Dissecting Stage 2 of EHR Adoption
Eligibility for the CMS EHR Incentive Program was determined by the HITECH Act. Providers and hospitals must meet requirements to be considered eligible professionals or eligible hospitals. Eligible professionals and hospitals are qualified to receive incentive payments if they meet meaningful use of certified technology. The hospital-based provider has been the one eligibility issue that has had some changes from the beginning. The HITECH Act defines hospital-based eligible professionals in Title IV Division B.
(C) Non-application to hospital-based eligible professionals.—
“(i) In general.—No incentive payment may be made under this paragraph in the case of a hospital-based eligible professional.
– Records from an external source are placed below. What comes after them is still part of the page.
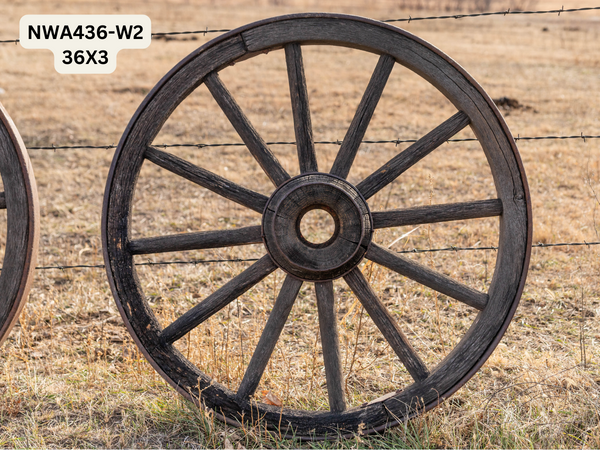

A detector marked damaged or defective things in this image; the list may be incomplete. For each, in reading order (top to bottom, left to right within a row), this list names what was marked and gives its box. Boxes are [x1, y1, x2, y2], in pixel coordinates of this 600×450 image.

rusty barbed wire [1, 5, 600, 44]
rusty barbed wire [24, 133, 600, 150]
rusty barbed wire [30, 241, 600, 272] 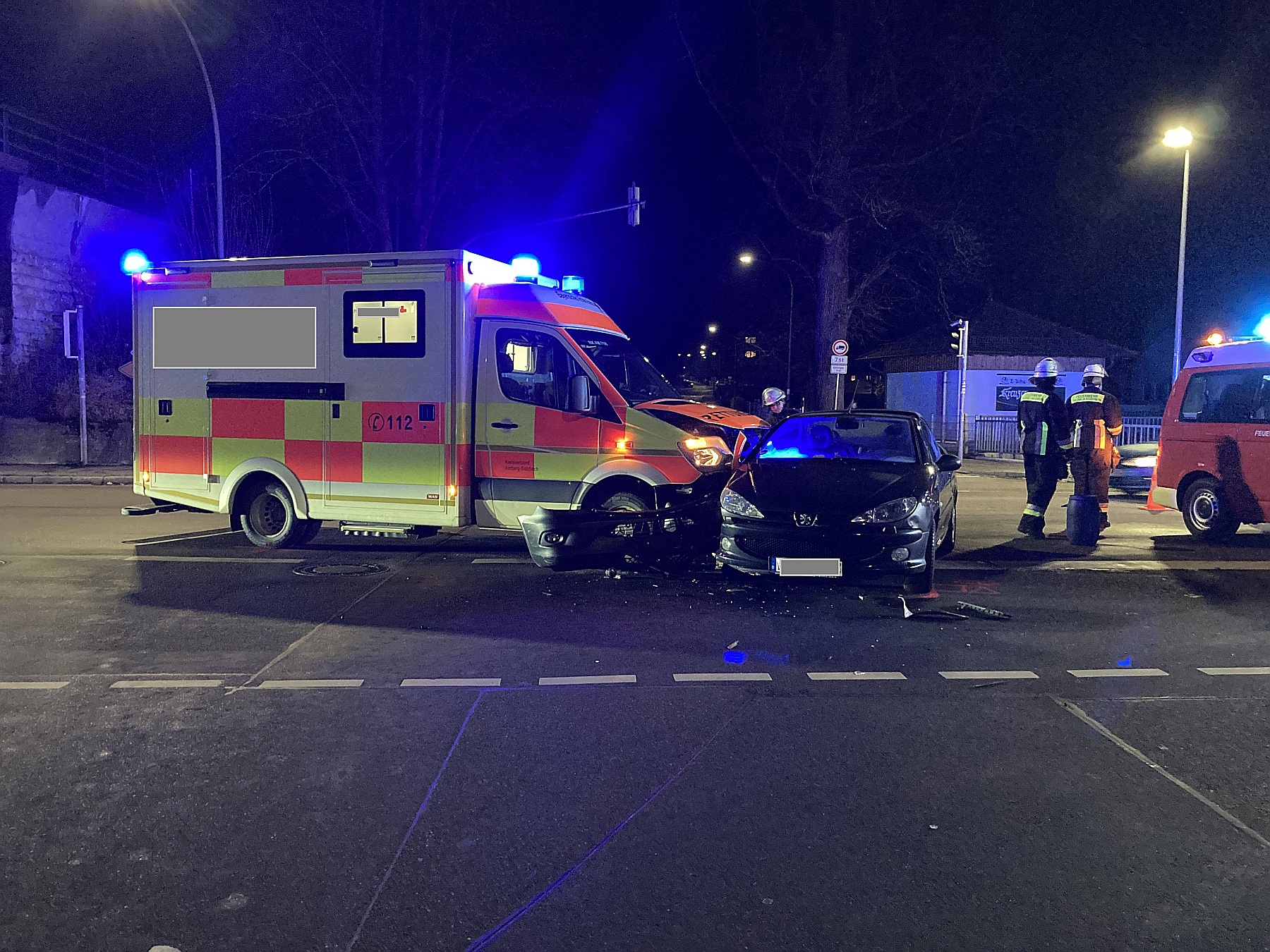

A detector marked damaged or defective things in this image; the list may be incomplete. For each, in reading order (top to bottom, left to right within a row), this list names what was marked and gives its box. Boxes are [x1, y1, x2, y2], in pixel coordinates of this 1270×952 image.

crashed car open hood [731, 462, 929, 523]
detached black bumper [513, 500, 716, 573] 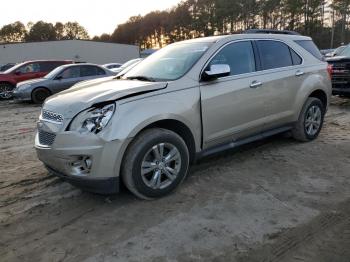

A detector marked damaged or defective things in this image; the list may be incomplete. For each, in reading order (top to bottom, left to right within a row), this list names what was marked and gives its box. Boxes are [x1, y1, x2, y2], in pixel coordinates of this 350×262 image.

cracked headlight [69, 103, 115, 134] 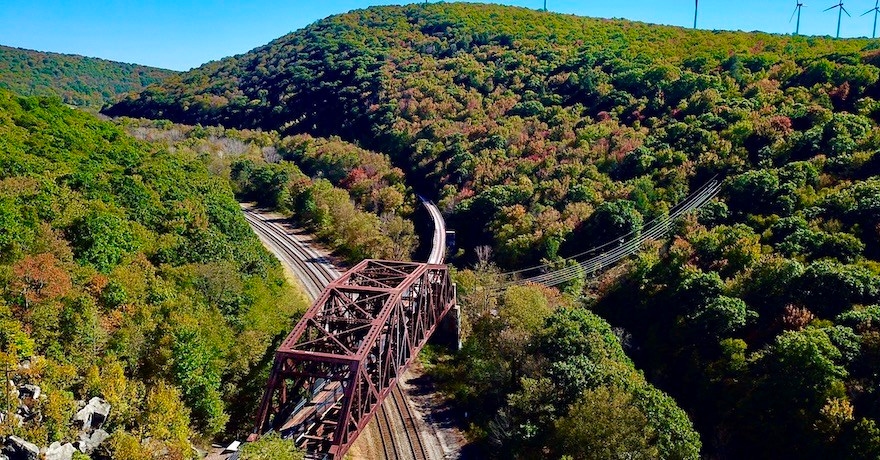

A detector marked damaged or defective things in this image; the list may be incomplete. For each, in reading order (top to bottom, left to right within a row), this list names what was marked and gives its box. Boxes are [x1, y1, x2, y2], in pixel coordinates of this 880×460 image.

“(ii) Hospital-based eligible professional.—For purposes of clause (i), the term `hospital-based eligible professional’ means, with respect to covered professional services furnished by an eligible professional during the EHR reporting period for a payment year, an eligible professional, such as a pathologist, anesthesiologist, or emergency physician, who furnishes substantially all of such services in a hospital setting (whether inpatient or outpatient) and through the use of the facilities and equipment, including qualified electronic health records, of the hospital. The determination of whether an eligible professional is a hospital-based eligible professional shall be made on the basis of the site of service (as defined by the Secretary) and without regard to any employment or billing arrangement between the eligible professional and any other provider.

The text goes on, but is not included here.